As the team’s Project Manager and lead developer, I was responsible for the foundational architecture and infrastructure, steering the project from a static prototype to a dynamic, database-driven web application. For a high-level summary, you can view the project page in my portfolio.

The Challenge: Real-Time Information for a Busy Campus

Our goal was to create a centralized solution to a common campus problem: knowing where the shuttle is and when it will arrive. We designed a system with three distinct user roles, each with a secure, dedicated dashboard:

  • Users: Students and faculty who could view announcements and see real-time shuttle schedules.
  • Drivers: Could log in to post updates and announcements, such as delays or route changes.
  • Admins: Had full CRUD (Create, Read, Update, Delete) control over the system’s routes, schedules, and users.
User Dashboard
Admin Dashboard for Route Management
AWS EC2 Instance Console
Click any image to enlarge. From left to right: The User Dashboard, the Admin's CRUD Dashboard, and the AWS EC2 console showing our production server.

From Localhost to the Cloud: The Tech Stack

To bring this project to life, we chose the robust and industry-standard LAMP stack, which I provisioned and deployed on an AWS EC2 instance.
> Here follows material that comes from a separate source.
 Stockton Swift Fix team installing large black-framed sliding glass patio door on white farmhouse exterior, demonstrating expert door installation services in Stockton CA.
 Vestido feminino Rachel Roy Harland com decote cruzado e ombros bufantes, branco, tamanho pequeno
  • Infrastructure: Amazon Web Services (AWS) EC2 running Ubuntu Linux. I configured an Elastic IP to ensure our application had a stable, public-facing address.
  • Back-End: PHP for server-side logic and MySQL for the relational database. The web server was powered by Apache.
  • Front-End: HTML, CSS, and JavaScript, built with the Bootstrap framework for responsiveness.
  • Version Control: All code was managed through a Git repository under a shared GitHub organization.
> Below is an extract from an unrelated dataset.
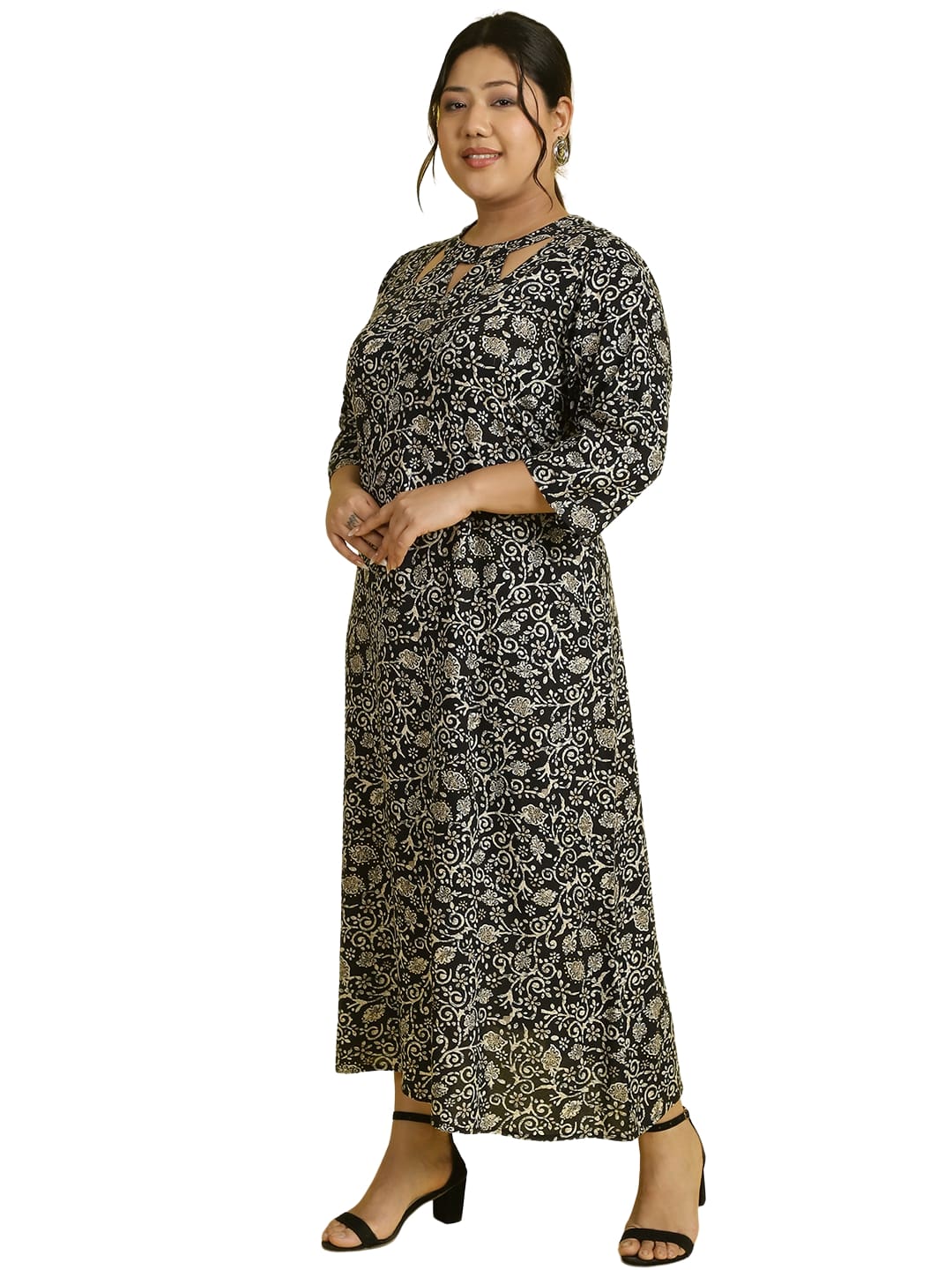 Women Floral Print A-Line Midi Dress Plus Size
My Role: From Infrastructure to Implementation

My contributions spanned the full lifecycle of the project:

  • Infrastructure Lead: I personally provisioned, configured, and deployed the Ubuntu EC2 instance and the entire LAMP stack. I managed the security keys for SSH access and administered the server throughout the project.
  • Project Architect: I designed the complete MySQL database schema, defining the relationships between users, routes, stops, and announcements. A key part of my role was enforcing consistent naming conventions for database columns and PHP variables, which was critical for successful team integration.
  • Back-End Development: I wrote the core authentication logic in PHP, handling user registration with password hashing and building the session-based login system that redirected users to their specific dashboards based on their assigned role (admin, user, or driver).
  • Project Management: I managed the GitHub repository, led team meetings, and was responsible for integrating the front-end and back-end code from all five team members into a single, functional application on the production server.

Key Lessons Learned

This project was an invaluable lesson in the difference between writing code and building software. My biggest takeaway was the critical importance of a solid foundation. A well-designed database schema and clear naming conventions, established before the majority of coding began, saved us countless hours of debugging during integration. Leading the team through this process highlighted how clear communication is just as vital as clean code in a collaborative environment.

This experience solidified my passion for overseeing a project’s full journey—from a sketch on a whiteboard to a live application serving users on the internet.